Uważam jednak, że Wajda zrobił dobrą robotę z tym jak to ty nazywasz poszatkowaniem. Poszatkowanie to za oceanem już od dawna wypróbowany zabieg. Po mistrzowsku zrobiono to w filmie "Miasto gniewu". Można było pokazać tą historię od początku do końca jak leci ale pominięto by wiele ciekawych wątków, które budowały napięcie. Poza tym do końca nie jesteś pewien czy główny bohater którego gra Żmijeski jakimś cudem ocaleje czy nie. Żmijewki ginie jako następny na liście w tle nie słychać żadnej muzyki, nie ma jakiś dziwnych holywodzkich zabiegów - to nakręce spiralę dramatu. Chce się powiedzieć: ale przecież to nasz Żmijewski z Na Dobre i na Złe - przecież on tak nie może po prostu zginąć. Dodatkowo w filmie między nim a jego żoną daje się wyczuć głębokie uczucie i widz (może oprócz tego gościa co pisał tam trochę wyżej) z założenie kibicuje im ponownemu spotkaniu. Niestety qwa sowieci nie mieli litości.

ocenił(a) film na 4
Pai_Mei

"Chce się powiedzieć: ale przecież to nasz Żmijewski z Na Dobre i na Złe"

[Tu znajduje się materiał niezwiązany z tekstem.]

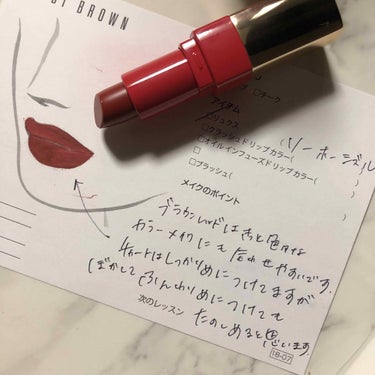 リュクス リップ カラー L03 アフタヌーンティー/BOBBI BROWN/口紅を使ったクチコミ（3枚目）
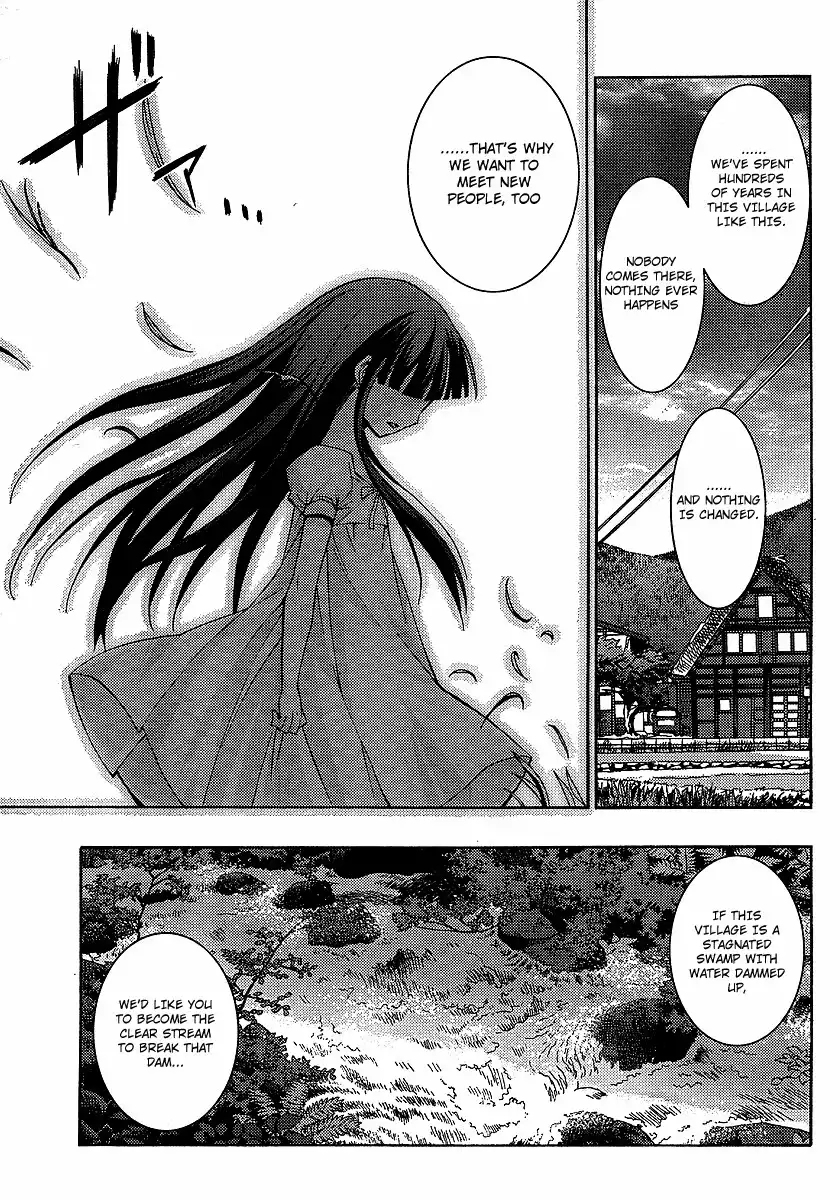 Higurashi no Naku Koro ni - Matsuribayashi Chapter 14 23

No właśnie o to chodzi. On nie ma być Żmijewskim, ale polskim oficerem. A jednak, kiedy oglądamy ten film, nie wczuwamy się w niego, bo aktorzy wciąż pozostają tylko tym z "Na dobre i na złe" czy tamtym z innego serialu.

ocenił(a) film na 10
Alpejska_2

Ciężko choć trochę nie kojarzyć naszych aktorów z seriali ale co zrobić taki rynek. Nie wiem jak to robi Deniro, że w każdej roli odkrywa się go na nowo! Za to go cenię

ocenił(a) film na 1
Pai_Mei

Nie tylko Deniro. To charakterystyka dobrego aktora. My niestety mamy w większości dennych aktorów. W Polskim filmie Linda to Linda, Pazura to Pazura Żmijewski to Żmijewski , i tak dalej.

ocenił(a) film na 4
Pai_Mei

Poszatkowanie poszatkowaniu nierówne, i aby miało efekt trzeba umieć szatkować. Patrz "Before The Devil Knows You're Dead" - jeden z najnowszych szatkowników.
Z tym "Na dobre i na złe" to teraz przesadziłeś. A nie miałeś uczucia, że zaraz zza krzaków wyjdą czterej pancerni i powiedzą Ruskim: "chłopaki dajcie spokój, to nasi..."?

ocenił(a) film na 9
Pai_Mei

Nie mozesz nikomu odmawiac prawa do krytyki. Rzecz w tym, ze byloby dobrze, gdyby ta krytyka nie przechodzila w krytykanctwo. Kiedy czytam niektore "zarzuty" wobec filmu i samego Wajdy, to nie wiem, czy sie smiac, czy plakac...

ocenił(a) film na 10
trish1984

NIECH ŻYJE SOLIDARNOŚĆ, PiS (Prawo i Sprawiedliwość) I 'PRAWDZIWI' POLACY, nie złodzieje, wrogo nastawieni do drugiego i oszuści dla których liczą się tylko pieniądze a nie zwykli ludzie!!! CHWAŁA WAM...

ocenił(a) film na 5
Pai_Mei

" lojalność wobec patriotycznej postawy,"
wtf???

ocenił(a) film na 6
Pai_Mei

akurat ludzie oceniają też grę aktorską, montaż, dzwięk i inne według nich warte uwagi detale a nie tak jak Ty wątki patriotyczne, więc nie mierz innych swoją miarką.